A Enea Finzi non sparano in fronte
- Autore: Vittorio Orsenigo
- Categoria: Narrativa Italiana
- Anno di pubblicazione: 2015
Enea non era un ebreo osservante, ma da Treblinka era tornato vivo, mentre tanti israeliti ortodossi e gente migliore erano finiti uno sull’altro. A lui, quel certo Klaus con la pistola facile non aveva sparato. Qualcuno tornato dai campi di sterminio non sterminato è una rarità. Vero? “A Enea Finzi non sparano in fronte” (Edizioni Imprimatur, novembre 2015, 158 pagine 14 euro) è un libro sopra le righe, breve, scritto a schizzi e rimbalzi continui dal presente al passato prossimo e remoto. Mantiene uno scetticismo di fondo, come di sorpresa, una domanda sospesa, senza risposta: perché io? Una curiosità forte ma inappagata.
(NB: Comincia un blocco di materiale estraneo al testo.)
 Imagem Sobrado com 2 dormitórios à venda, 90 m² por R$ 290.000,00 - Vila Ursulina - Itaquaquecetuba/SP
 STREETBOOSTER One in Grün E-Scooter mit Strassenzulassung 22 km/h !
L’autore è Vittorio Orsenigo, poliedrico uomo di cultura novantenne, approdato in età matura alla narrativa, altra penna rispetto ai contemporanei, altro stile, che racconta di un protagonista tutto sommato antipatico e per niente vittima dell’Olocausto o, al contrario, disperatamente martire.
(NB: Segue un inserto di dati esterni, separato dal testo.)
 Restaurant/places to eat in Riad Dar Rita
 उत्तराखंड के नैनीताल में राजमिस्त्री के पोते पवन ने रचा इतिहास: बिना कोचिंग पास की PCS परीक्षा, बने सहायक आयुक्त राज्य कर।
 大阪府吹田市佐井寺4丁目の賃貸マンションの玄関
Occorre consumare il libro quasi fino in fondo, per fare pienamente conoscenza con Enea Finzi,
il cui nonno materno e relativa moglie erano a causa di quel nome finiti a Treblinka in più occasioni esibendosi con il violino nell’orchestrina del Campo diretta da un mezzo gitano, si era forzatamente unito ai congiunti dietro il filo spinato.
Ecco come lo presenta Orsenigo, con una punteggiatura sommaria, che crea ingorghi sintattici, contaminazioni dialettiche, mescolanze. Come Enea dopotutto, si comportava da essere votato al disordine, all’accumulo, alla confusione sia voluta, e dunque colpevole, che non voluta e, dunque perdonabile.
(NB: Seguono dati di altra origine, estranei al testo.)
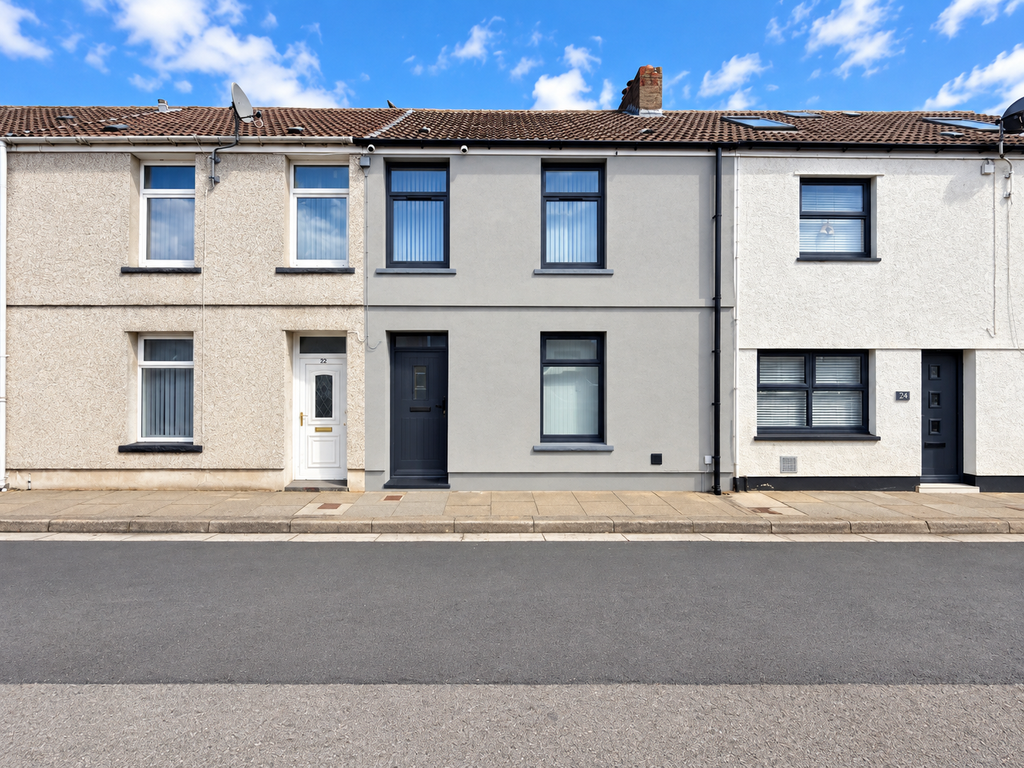 Property photo 1 of 18 7C161119-D42B-486D-94CD-0Fccca265F7A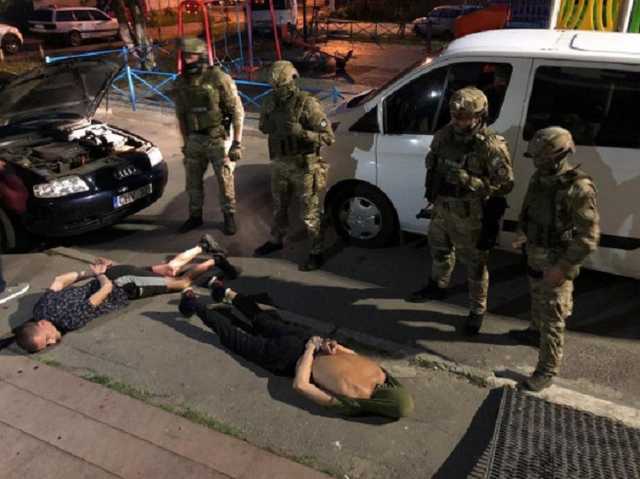 Взрывали банкоматы по всей Украине: в Виннице на горячем задержали серийных грабителей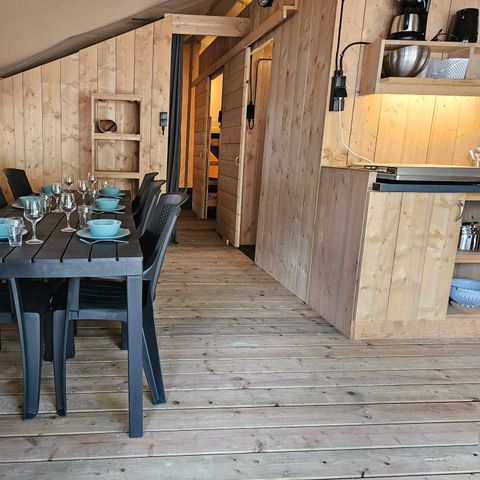 TIENDA DE LONA Y MADERA 6 personas - incluidas las instalaciones sanitarias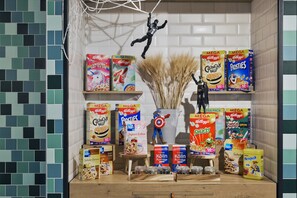 每日供應吃到飽早餐 (每人 EUR19)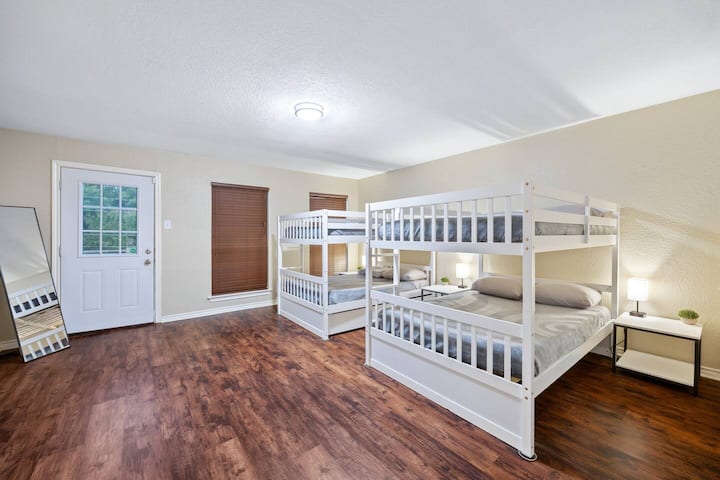 Uključuje kupaonicu s WC-om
Enea Finzi, dunque, un sopravvissuto per caso. Perchè io? Un deportato nei campi di sterminio come tanti, sebbene da due generazioni la sua famiglia avesse molto diluito l’ebraismo, ma quello era un aspetto che ai tedeschi non diceva niente.
Lo si conosce sulle prime come un soggetto di poche parole e ancora più scarse amicizie, se si eccettua l’infermiere Ottone, che lo aiuta in occasione del ricovero per uno scherzetto del cuore. Un raro provvido sostegno, sempre a voler dimenticare quel certo Klaus, un tipo un po’ così, di guardia nel lager,
che tre o quattro volte e senza preavvisi si era lasciato sfuggire strane confidenze. Strane, sì, ma sempre confidenze: “Non ho nulla da nascondere. Ho detto nulla. Se hai qualche dubbio, se credi che voglia ingannarti, sparo”.
A lui però non aveva sparato, a tanti altri sì.
Ancora non si spiegava cosa avesse di bello lui per non essersi beccato una pallottola in fronte (Klaus sparava solo in fronte con estrema precisione, e non la tirava mai per le lunghe).
Da Treblinka era tornato, non migliore né peggiore, riflessivo e perplesso, con un che di malinconico, come Jean Gabin nei film di Marcel Carnè o Gabin attore in genere. Espressione monocorde. Ma quello recitava. Già, anche Enea recita la sua vita: un modesto stipendio da concierge di un hotel lussuoso a Montecarlo, accanto al Casinò, capace di parlare cinque lingue oltre la propria.
Alla pallottola di Klaus o al gas Zyclon morte sicura era sopravvissuto, non pensava mai che il suo cuore si sarebbe trasformato in una brutta bestia, una bestia feroce, un organo irascibile. Fino a quel giorno del cuore in generale e del suo in particolare si era sempre fidato. Non aveva mai perso un colpo.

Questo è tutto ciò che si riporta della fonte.